Mr Fred Matthews had to travel from Lough Neagh to the south of Ireland looking at Piggery's. He also had to buy pigs at the fairs in the towns. This brought disease into the pig farm. He also had to go to Rath to be trained, but he said that he didn't learn much there. Donaghmore and Roscrea had a major say in what had to be done. So they employed an architect from Plunkett House (Horace Plunkett the first Co-op founder). The architect knew more about doing big houses in Dublin than Piggery's. Mr Jim Joyce had helped to design the pig houses as well as the proper architect Colin Dickson. The pig houses were cold and pigs have to have heat. There wasn't enough space either. It was a bad design.
Mr. Matthews also told us about the shares, it was £25 for a share. Donaghmore bought 1,000 shares. Paddy Brickley bought a few hundred shares, and Fred Matthews bought 200 shares. A lot of local farmers and business people bought shares so they all became shareholders.

The first pigs came on the 8th of October in 1963. They were buying pigs from three different places at the same time so they were all bringing in different diseases to the pigs, it was dangerous. Pigs fought a lot because of the way they were all put together, They were put that way because there was not a lot of room for them. The bills that were costing them the most were for vets and drugs. The first pig houses that were built were very expensive and didn't hold many pigs, approximately 1100 of them but they thought they might have to cut down but they did not have enough any way. There was not enough profit being made because of the high bills and not enough staff as there was no money to pay them. At this stage there was no milling plant and Donaghmore supply was unsatisfactory, sometimes wet and late. Then Henry Dunne built our own milling plant and this worked very well with Jack Conway (a former past pupil) being the miller. In 1968 Mr Matthews had a disagreement with the with the manager of Roscrea bacon factory and decided to resign.

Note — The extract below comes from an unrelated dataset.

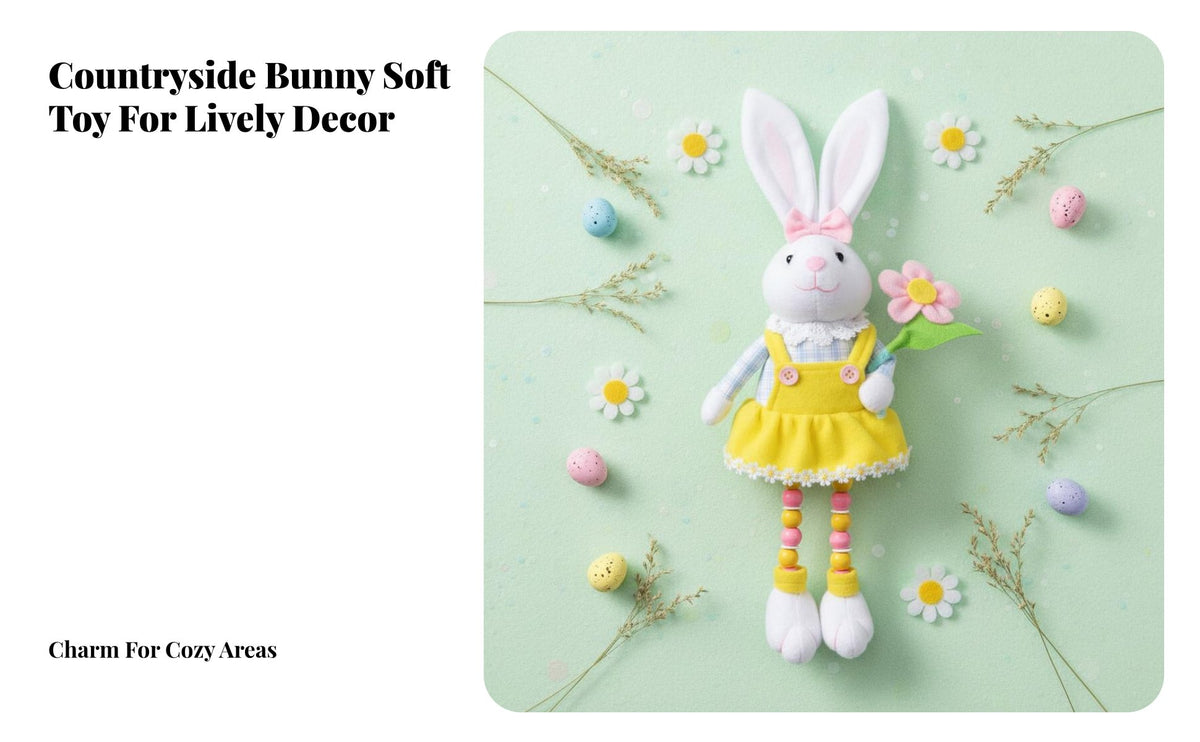 Beaded Leg Hare Soft Toy Farmhouse Aesthetic Dangle Leg Bunny Figure Boy and Girl Pair Easter Bunny Soft Toy for Tabletop, Mantelpiece, Tiered Tray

When Mr Matthews started working as manager he was earning £720 per year and 5 years later when he finished he was earning £999. Compared to now the wages were very bad. Now people get that in a week. The finances made the work very hard for the people that were working there and the bank man. There were some generous people around the town that bought shares of the Co-op to help out but had no intention of working there.

The Coop was very good for the area as people had a market for their pigs and they were sure of their money. Clonaslee would be very different now if the Coop had never started. People helped each other out and everyone was the better for it. It took a lot of work but it was worth it.